LITIGATION RELEASE NO. 16940 / March 22, 2001
SECURITIES
AND EXCHANGE COMMISSION v. EARL A. ABBOTT, RICHARD
L. STALVEY, GLENN PURDUE, ROBERT E. GERWIN, KENNETH
C. NUNN AND THOMAS J. O'KEEFFE (United States
District Court for the Middle District of Florida,
C.A. No. 6:01cvORL31KRS)
The
Commission announced today the filing of a civil
fraud action in the United States District Court
for the Middle District of Florida against five
men for the fraudulent sale of over $3.5 million
in non-existent prime bank securities.

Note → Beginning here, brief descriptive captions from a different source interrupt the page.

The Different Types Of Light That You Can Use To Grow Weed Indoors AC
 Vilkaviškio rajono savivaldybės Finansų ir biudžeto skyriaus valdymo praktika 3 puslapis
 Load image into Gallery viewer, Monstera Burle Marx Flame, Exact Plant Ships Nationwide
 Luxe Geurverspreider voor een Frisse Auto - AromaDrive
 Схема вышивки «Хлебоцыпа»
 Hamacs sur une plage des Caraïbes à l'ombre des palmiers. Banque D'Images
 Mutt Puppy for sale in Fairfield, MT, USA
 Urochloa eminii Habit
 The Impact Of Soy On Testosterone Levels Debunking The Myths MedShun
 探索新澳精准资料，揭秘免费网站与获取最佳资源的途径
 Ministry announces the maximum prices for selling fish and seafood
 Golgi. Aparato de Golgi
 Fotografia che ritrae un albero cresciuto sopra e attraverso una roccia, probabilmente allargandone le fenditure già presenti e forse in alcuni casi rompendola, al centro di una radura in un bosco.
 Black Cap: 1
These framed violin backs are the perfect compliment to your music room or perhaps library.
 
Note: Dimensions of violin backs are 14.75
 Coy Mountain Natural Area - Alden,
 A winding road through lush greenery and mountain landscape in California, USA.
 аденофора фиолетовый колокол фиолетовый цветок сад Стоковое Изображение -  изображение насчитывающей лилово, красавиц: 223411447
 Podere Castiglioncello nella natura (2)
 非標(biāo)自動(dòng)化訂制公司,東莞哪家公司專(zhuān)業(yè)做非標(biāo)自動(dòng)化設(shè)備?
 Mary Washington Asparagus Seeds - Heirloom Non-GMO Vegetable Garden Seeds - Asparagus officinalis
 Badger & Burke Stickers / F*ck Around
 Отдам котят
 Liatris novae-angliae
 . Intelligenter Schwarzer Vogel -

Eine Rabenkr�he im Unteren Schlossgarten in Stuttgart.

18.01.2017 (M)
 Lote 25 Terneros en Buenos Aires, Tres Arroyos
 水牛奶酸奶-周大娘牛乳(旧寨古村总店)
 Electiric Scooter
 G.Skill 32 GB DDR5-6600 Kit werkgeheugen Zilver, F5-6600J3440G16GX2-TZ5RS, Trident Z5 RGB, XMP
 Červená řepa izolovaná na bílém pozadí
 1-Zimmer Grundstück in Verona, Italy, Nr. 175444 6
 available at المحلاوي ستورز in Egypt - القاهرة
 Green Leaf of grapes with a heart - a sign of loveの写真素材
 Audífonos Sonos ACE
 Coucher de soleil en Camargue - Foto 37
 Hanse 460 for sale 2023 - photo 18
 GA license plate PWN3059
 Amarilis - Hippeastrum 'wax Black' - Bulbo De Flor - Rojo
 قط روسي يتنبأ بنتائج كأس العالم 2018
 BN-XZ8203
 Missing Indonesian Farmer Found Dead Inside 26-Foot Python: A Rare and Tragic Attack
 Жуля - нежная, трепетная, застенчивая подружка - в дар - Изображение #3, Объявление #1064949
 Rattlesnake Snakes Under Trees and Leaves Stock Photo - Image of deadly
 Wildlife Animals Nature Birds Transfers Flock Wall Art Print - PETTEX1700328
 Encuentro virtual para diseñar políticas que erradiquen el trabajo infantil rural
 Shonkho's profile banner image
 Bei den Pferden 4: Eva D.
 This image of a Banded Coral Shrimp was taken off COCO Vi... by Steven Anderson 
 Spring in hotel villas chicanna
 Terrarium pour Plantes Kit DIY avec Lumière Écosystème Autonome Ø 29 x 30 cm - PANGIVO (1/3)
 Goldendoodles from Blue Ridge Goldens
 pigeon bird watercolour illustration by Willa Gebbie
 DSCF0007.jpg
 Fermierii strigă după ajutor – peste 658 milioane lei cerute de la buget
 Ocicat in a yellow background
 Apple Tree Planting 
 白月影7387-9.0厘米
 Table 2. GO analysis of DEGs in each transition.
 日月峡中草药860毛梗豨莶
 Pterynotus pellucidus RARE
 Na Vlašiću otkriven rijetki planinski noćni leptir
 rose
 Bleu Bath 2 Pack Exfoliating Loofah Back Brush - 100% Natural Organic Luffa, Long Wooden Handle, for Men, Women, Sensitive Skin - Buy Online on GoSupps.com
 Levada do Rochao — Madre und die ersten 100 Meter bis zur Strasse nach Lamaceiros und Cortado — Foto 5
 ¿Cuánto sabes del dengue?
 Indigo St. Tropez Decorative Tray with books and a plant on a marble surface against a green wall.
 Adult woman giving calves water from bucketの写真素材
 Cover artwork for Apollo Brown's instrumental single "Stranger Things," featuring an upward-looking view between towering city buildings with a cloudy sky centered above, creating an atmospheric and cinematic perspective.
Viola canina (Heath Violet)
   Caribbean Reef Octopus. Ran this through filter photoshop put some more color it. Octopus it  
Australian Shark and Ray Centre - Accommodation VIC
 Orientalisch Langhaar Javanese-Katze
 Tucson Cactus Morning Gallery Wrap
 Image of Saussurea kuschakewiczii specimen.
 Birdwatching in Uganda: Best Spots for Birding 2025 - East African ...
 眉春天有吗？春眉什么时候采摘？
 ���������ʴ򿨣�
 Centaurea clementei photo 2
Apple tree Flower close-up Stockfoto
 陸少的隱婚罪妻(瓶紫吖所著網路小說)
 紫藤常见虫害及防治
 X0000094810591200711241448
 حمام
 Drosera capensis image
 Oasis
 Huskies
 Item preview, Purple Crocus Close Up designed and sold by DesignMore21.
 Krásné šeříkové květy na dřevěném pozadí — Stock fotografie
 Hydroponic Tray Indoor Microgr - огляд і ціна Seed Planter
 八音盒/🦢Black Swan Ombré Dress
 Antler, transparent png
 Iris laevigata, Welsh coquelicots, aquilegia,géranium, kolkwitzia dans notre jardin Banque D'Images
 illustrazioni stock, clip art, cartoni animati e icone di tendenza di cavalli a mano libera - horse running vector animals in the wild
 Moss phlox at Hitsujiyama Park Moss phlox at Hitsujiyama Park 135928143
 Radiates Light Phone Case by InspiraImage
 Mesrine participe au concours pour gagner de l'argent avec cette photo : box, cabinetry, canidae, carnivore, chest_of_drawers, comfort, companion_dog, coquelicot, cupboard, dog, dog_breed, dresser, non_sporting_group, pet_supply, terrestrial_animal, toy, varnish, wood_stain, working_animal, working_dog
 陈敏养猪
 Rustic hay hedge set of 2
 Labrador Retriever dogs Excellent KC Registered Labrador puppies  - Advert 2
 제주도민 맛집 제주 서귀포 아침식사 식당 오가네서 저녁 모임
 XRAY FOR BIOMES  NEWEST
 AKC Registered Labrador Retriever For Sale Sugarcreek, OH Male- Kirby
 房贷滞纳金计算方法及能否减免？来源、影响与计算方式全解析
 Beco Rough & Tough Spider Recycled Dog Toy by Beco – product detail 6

According
to the complaint, Earl A. Abbott ("Abbott"),
a Titusville, Florida businessman and three of
his sales agents, Richard L. Stalvey ("Stalvey"),
an Albany, Georgia accountant, Glenn Purdue, of
Indianapolis, Indiana and Robert E. Gerwin, of
Cincinnati, Ohio, sold $3.55 million of non-existent
prime bank securities which were purportedly supplied
by defendant Kenneth C. Nunn ("Nunn"),
a resident of England. The Commission alleges
that the defendants violated the securities registration,
antifraud and broker-dealer registration provisions
of the federal securities laws in connection with
their offer and sale of these securities. Thomas
J. O'Keeffe ("O'Keeffe"), of Ireland,
is alleged to have received over $1 million of
these funds, supposedly to trade the securities.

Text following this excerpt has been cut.